Asbestosi: TAR Lazio condanna ministero della Difesa al risarcimento, Capitano Sorgente
Il ministero della Difesa condannato per la morte del Capitano Sorgente, vittima dell’amianto

Il Tribunale Amministrativo Regionale del Lazio ha accolto il ricorso presentato dalla famiglia del Sottoufficiale napoletano Ciro Centofanti. Riconosciuto “vittima del dovere”, condannando il Ministero della Difesa a risarcire i suoi eredi. Per un importo pari a 308mila euro. Centofanti, nato il 15 marzo 1942 a Napoli e deceduto il 13 ottobre 2020. All’età di 78 anni, a causa di un mesotelioma, aveva prestato servizio nella Marina Militare Italiana dal 1960 al 1979. Ad assistere i familiari, l’avv. Ezio Bonanni, presidente dell’Osservatorio Nazionale Amianto.

La carriera militare di Ciro Centofanti 

Il Tar Lazio condanna il ministero della Difesa per la morte da amianto del sottoufficiale della Marina Militare Ciro Centofanti

Ciro Centofanti ha dedicato quasi due decenni della sua vita alla Marina Militare. Iniziando la sua carriera nel gennaio 1960 e concludendola il 31 gennaio 1979. Durante il suo servizio, ha lavorato come elettricista di bordo su diverse navi della MM. Tra cui Alcione, Pioppo, Trifoglio, Olmo, Doria, Ontano, Tenace e Visintin. 

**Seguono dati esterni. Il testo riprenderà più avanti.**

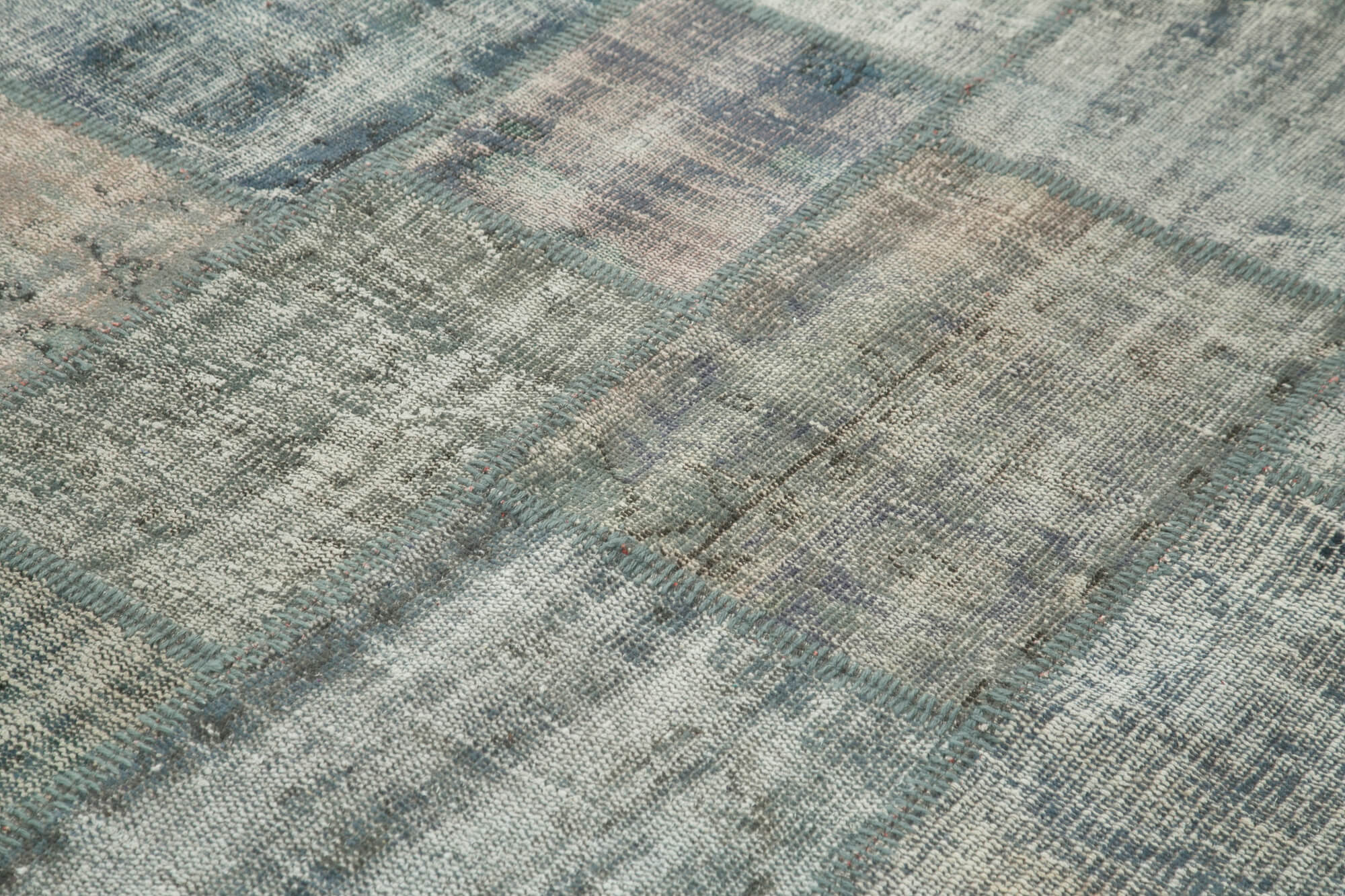 Handmade Patchwork Rug - Kirk Yama Grey Cotton Wool Vintage Area Rug 5'10''x8'1''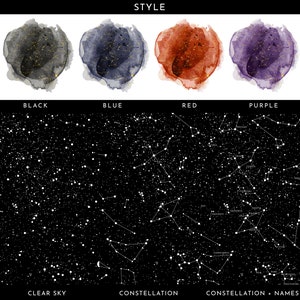 Carte des étoiles personnalisée par date, carte du ciel personnalisée, impression de ciel nocturne, le jour de votre naissance, cadeau de mariage, cadeau de fête des mères image 9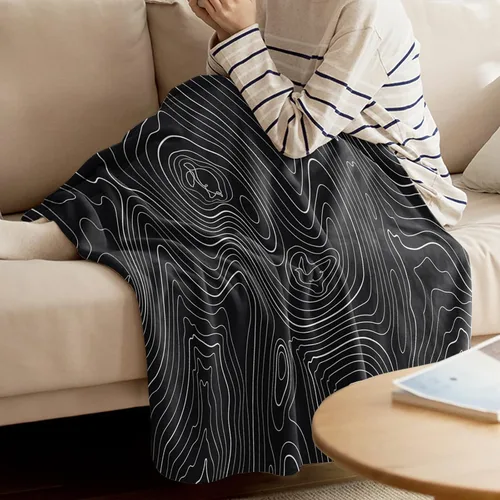 Vista 3 de Manta de forro polar para sofá cama, vista superior abstracta topográfica, mantas y mantas de microfibra suave para sofá de viaje, líneas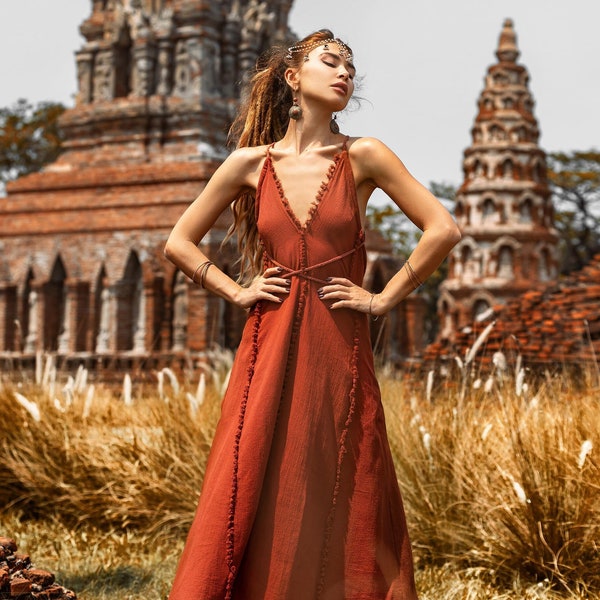 Vestido de dama de honor bohemio rojo • Vestido de cóctel informal • Vestido de invitada de boda rojo • Vestido hecho a mano con cuello en V de diosa • Vestido bohemio con trenzas ajustables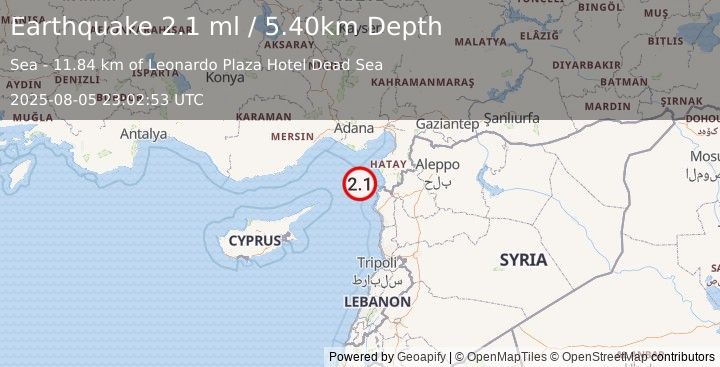 Earthquake NEAR THE COAST OF SYRIA (2.1 ml) (2025-08-05 23:02:54 UTC)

Utile precisare che, durante gli anni ’60 e ’70, l’amianto era ampiamente utilizzato nelle unità navali della Marina Militare Italiana. Questo materiale, noto per la sua resistenza al calore e alle fiamme, era usato per l’isolamento termico e acustico nelle navi. Tuttavia, le sue fibre, se inalate o ingerite, possono causare gravi malattie respiratorie, tra cui il mesotelioma, una forma di cancro ad oggi incurabile.

Centofanti è stato esposto a queste pericolose fibre per 24 ore al giorno. Poiché l’asbesto era presente nelle coibentazioni, negli alloggiamenti, nei corridoi, nei servizi igienici, nei locali motori e nei rivestimenti delle condotte di scarico. Nonostante fosse noto il rischio per la salute, i militari non disponevano di adeguati strumenti di protezione individuale.

La sofferenza di Ciro

Nel 2015, dopo decenni dall’esposizione, il sottufficiale ha ricevuto una diagnosi di mesotelioma pleurico maligno di tipo epitelioide, una forma particolarmente aggressiva che porta a difficoltà respiratorie, dolori toracici intensi e una significativa riduzione della qualità della vita. Nonostante le cure e i trattamenti, la malattia è culminata tragicamente con il decesso di Centofanti il 13 ottobre 2020. Ma cerchiamo di ricostruire l’iter processuale.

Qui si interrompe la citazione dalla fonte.